Inigo Quilez   ::     ::  
Since Paradise Is Coming 64kb intro was released back in the 2002 (watch it here) and I have been asked several times about the algorithm to create the dynamic clouds on that intro.

The intro showed several landscapes with clouds moving and changing shape in the sky. But the interesting point on dynamic clouds is not the fact that you can animate them, since in real life you hardly can see the clouds changing during say, one minute, at least in normal conditions. However, being able to make dyanamic clouds basically means you have a procedural way to create them. And this is not only good for 64 kb demos where you obviously need procedural content, but also for those kind of applications where the weather condition shown is not predefined, as interactive virtual reallity simulators or scenareo editors.

Actually the algorithm I used for that intro is a very well known and documented one. I'm going to write about it anyway, because I will set the basis to explain how it can be modified to completelly fit in the graphics card's GPU, what makes the rendering extremelly fast (almost for free).

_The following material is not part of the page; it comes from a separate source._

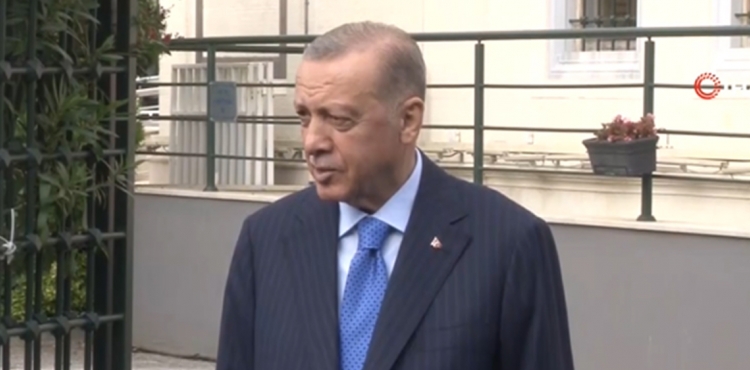 Cumhurbaşkanı Erdoğan: 'Esir takasında 200 ismin üzerinde durmuştuk, 200 ismin hepsi bizde mevcut'
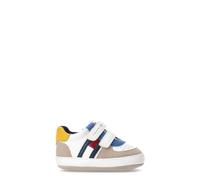 Tommy Hilfiger scarpette neonato con strappi muticolor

In Paradise Is Coming the algorithm was completelly implemented in the CPU, and I had to trade off some quality to achieve high performance. With the algorithm completelly maped into the GPU, not only faster rendering is possible, but also high quality rendering.
We first assume we are going to create 2D clouds, that will hopefully sucessfully fake real volumetric clouds. For that we will create one or more 2D layers that will be used as input to the sky dome shader. That shader will also take into account other factors as background stars, sun position, and so on. So, we will concetrate on creating one of those dynamic 2D cloud layers. What we requiere from the algorithm is basically the ability of the user to define the density of the clouds, and the sharpnes at least.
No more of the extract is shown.